**Source data**.
Start of Block
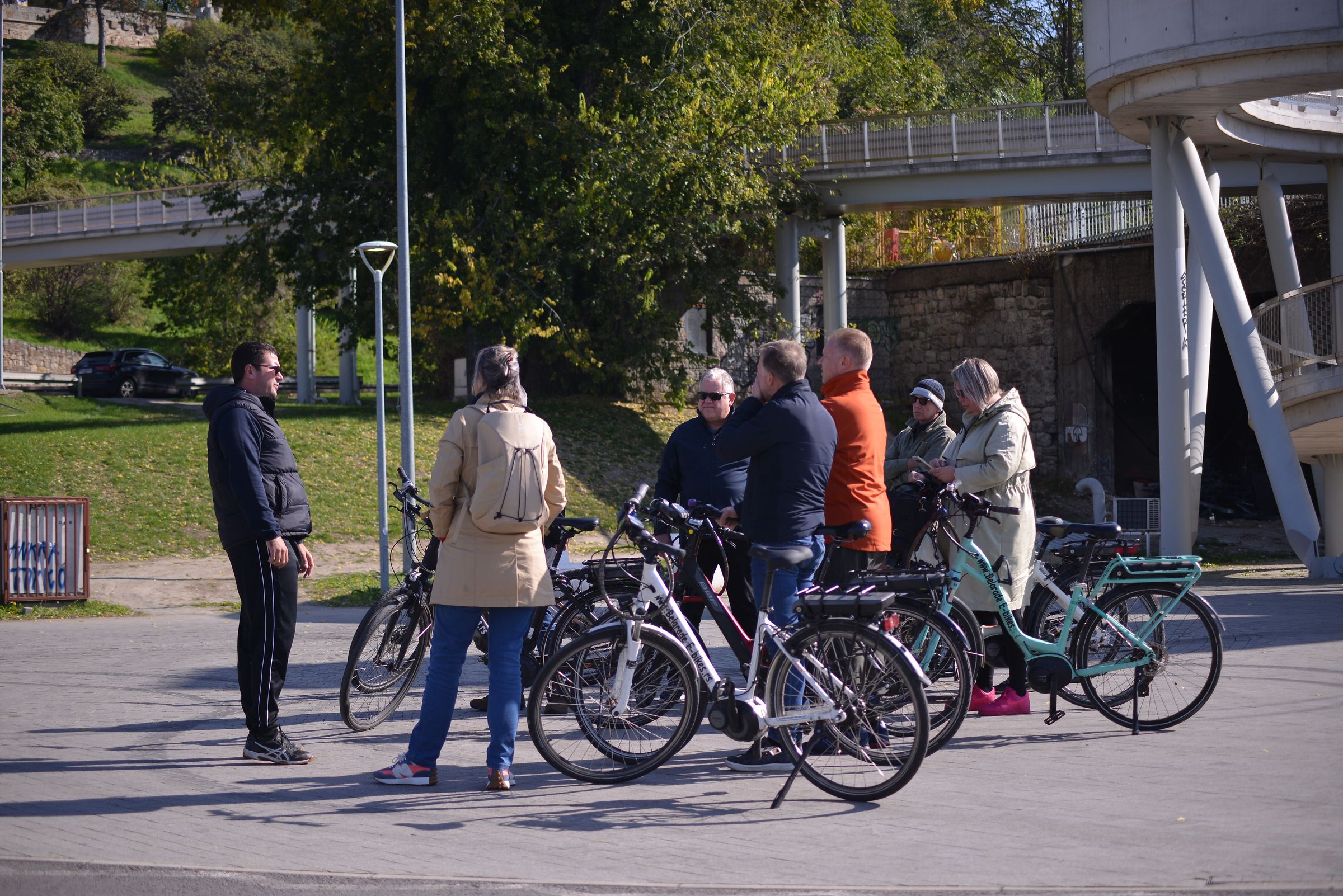 Belgrade-ebikes's image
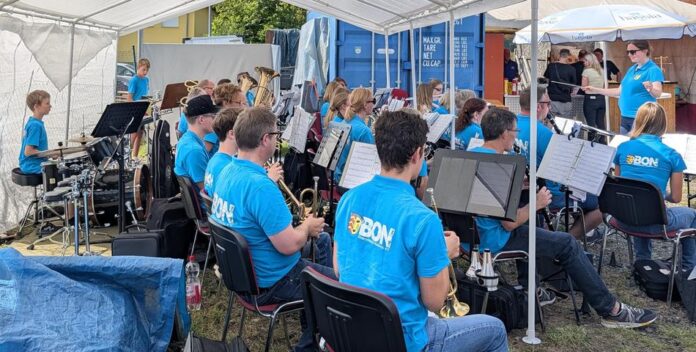 Musikalischer Sommer voller Highlights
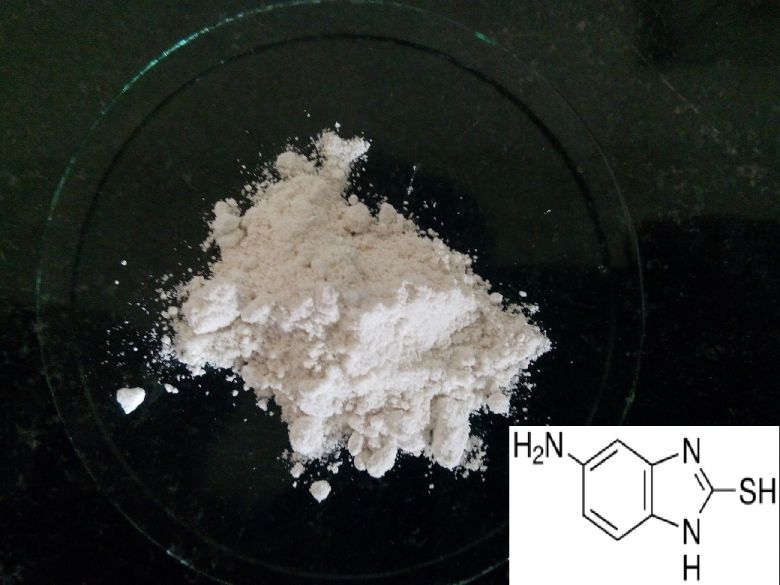 5-Amino-2-Mercapto Benzimidazole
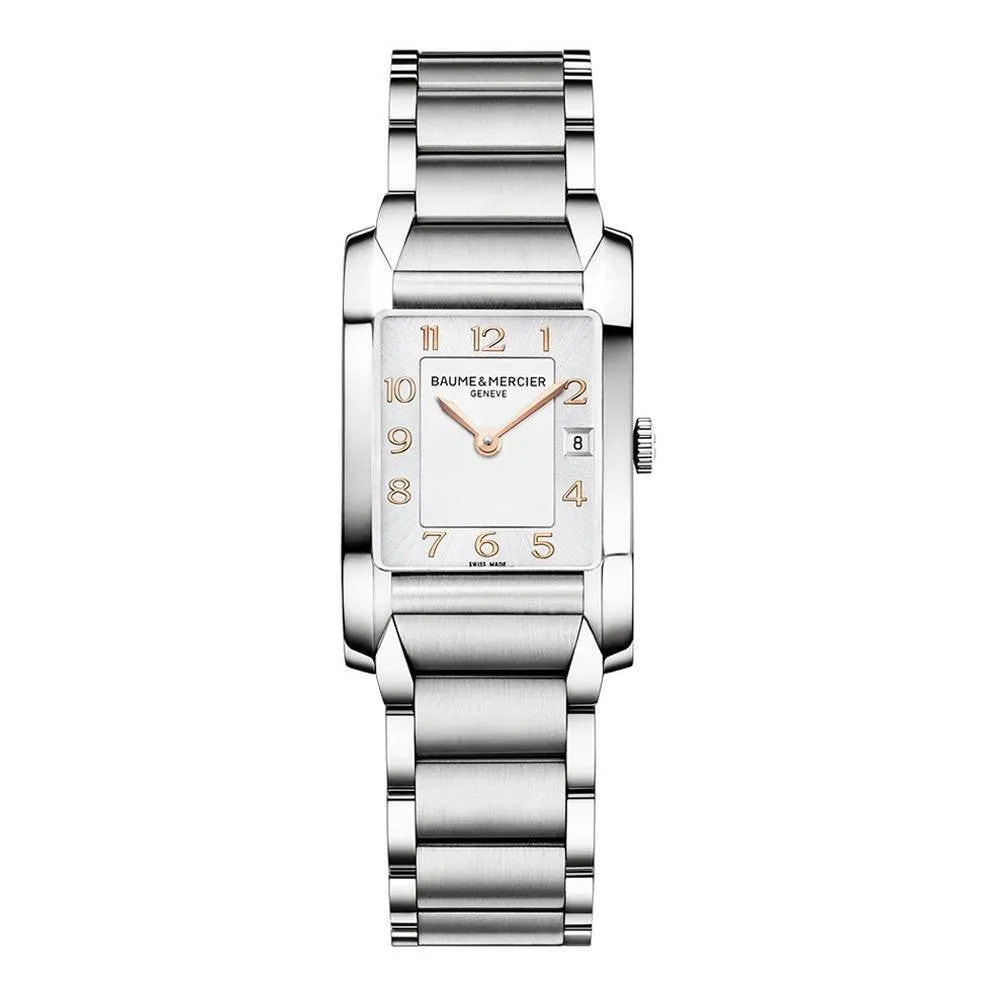 Baume et Mercier Hampton M0A10049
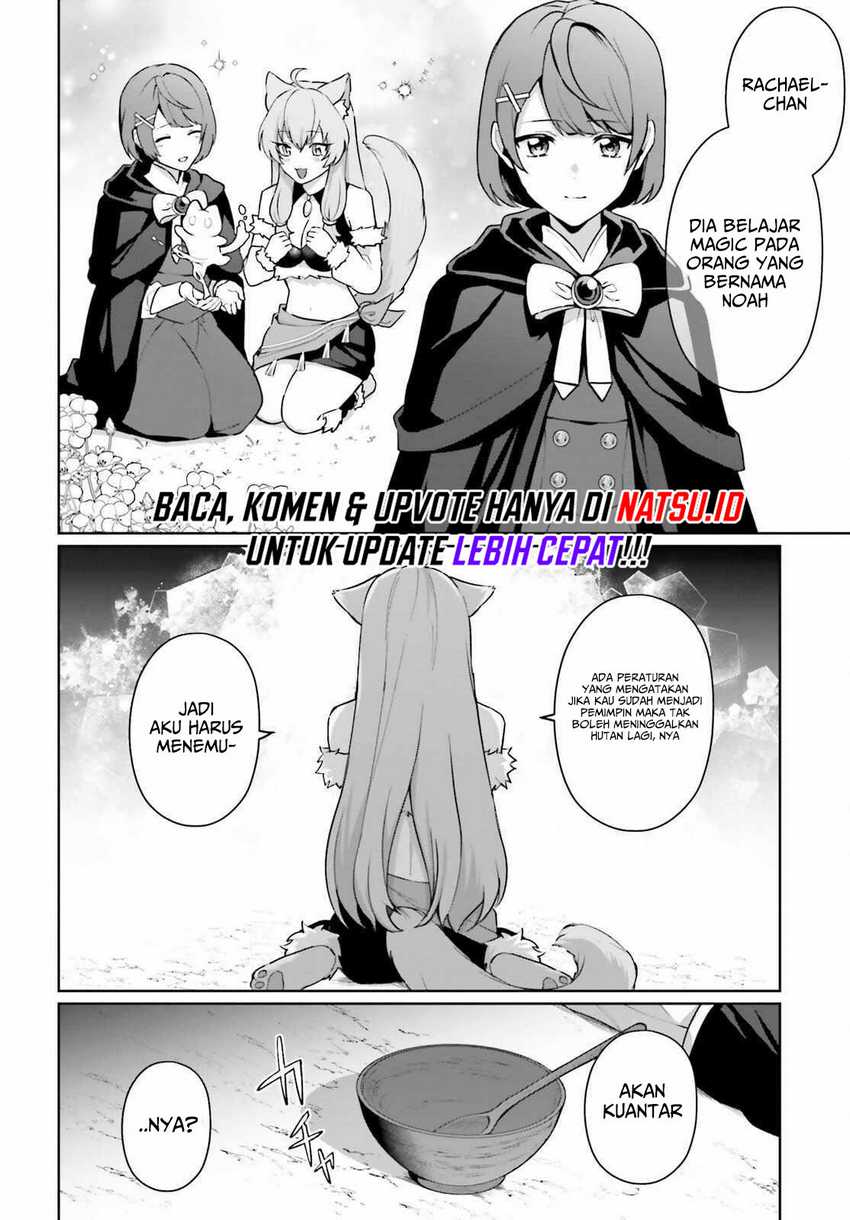 Mottomo Kirawareteiru Saikyou no Akuyaku ni Tensei Chapter 6 - halaman 5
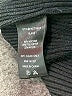 Astr Black Turtleneck Sweater Size S - photo 8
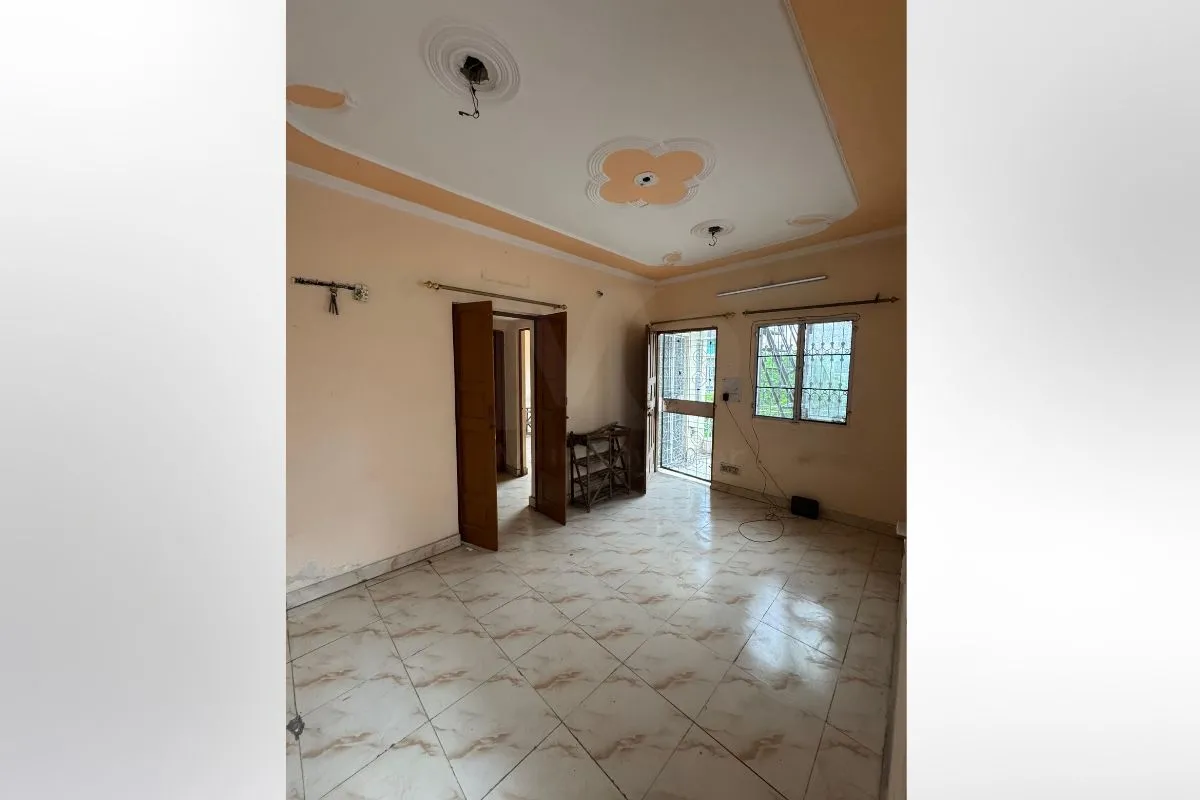 1 BHK Flat in Delhi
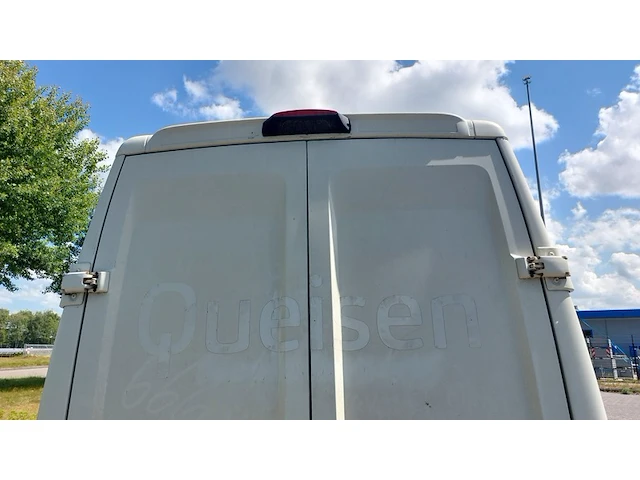 Bedrijfsauto, iveco, daily 35s13v 300 h2 l, 2014 - afbeelding 24 van  53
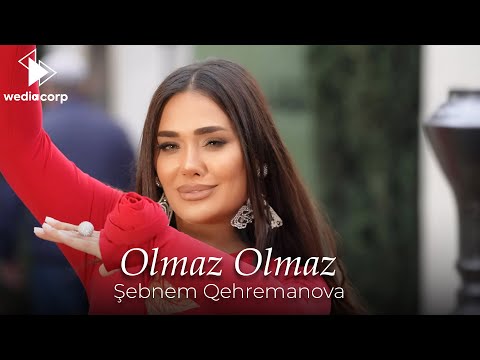 Sebnem Qehremanova - Olmaz Olmaz (Official Video)
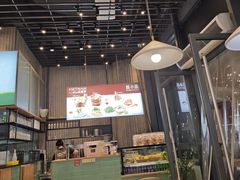 -越小品·越南餐厅(万科里店)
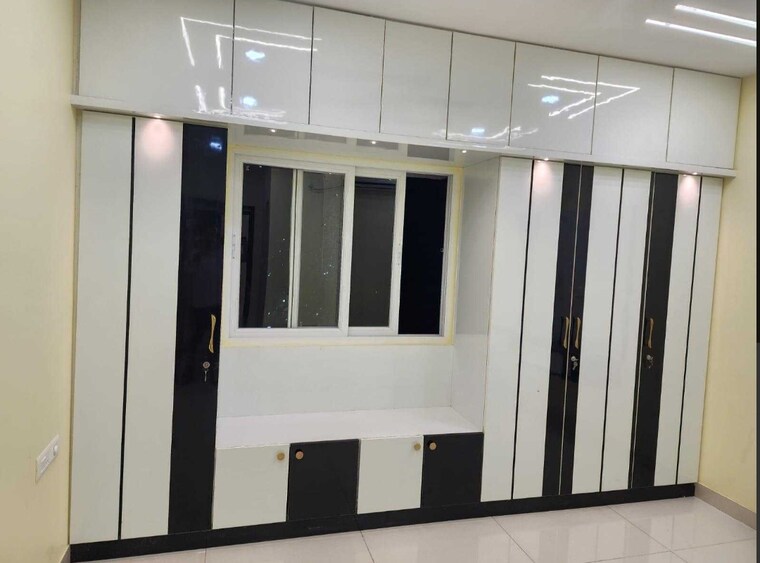 undefined, prestige-tranquil 3 Bedroom 1764 Sq.Ft. Apartment In Kokapet Hyderabad 9690437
End of Block
**Assignment**.
Give back exactly the lines of the listing above from the one that contains "Mottomo Kirawareteiru Saikyou" up to and including the one that contains "-越小品·越南餐厅(万科里店)", but not the pictures, and no other lines.

**Output**.
 Mottomo Kirawareteiru Saikyou no Akuyaku ni Tensei Chapter 6 - halaman 5
 Astr Black Turtleneck Sweater Size S - photo 8
 1 BHK Flat in Delhi
 Bedrijfsauto, iveco, daily 35s13v 300 h2 l, 2014 - afbeelding 24 van  53
 Sebnem Qehremanova - Olmaz Olmaz (Official Video)
 -越小品·越南餐厅(万科里店)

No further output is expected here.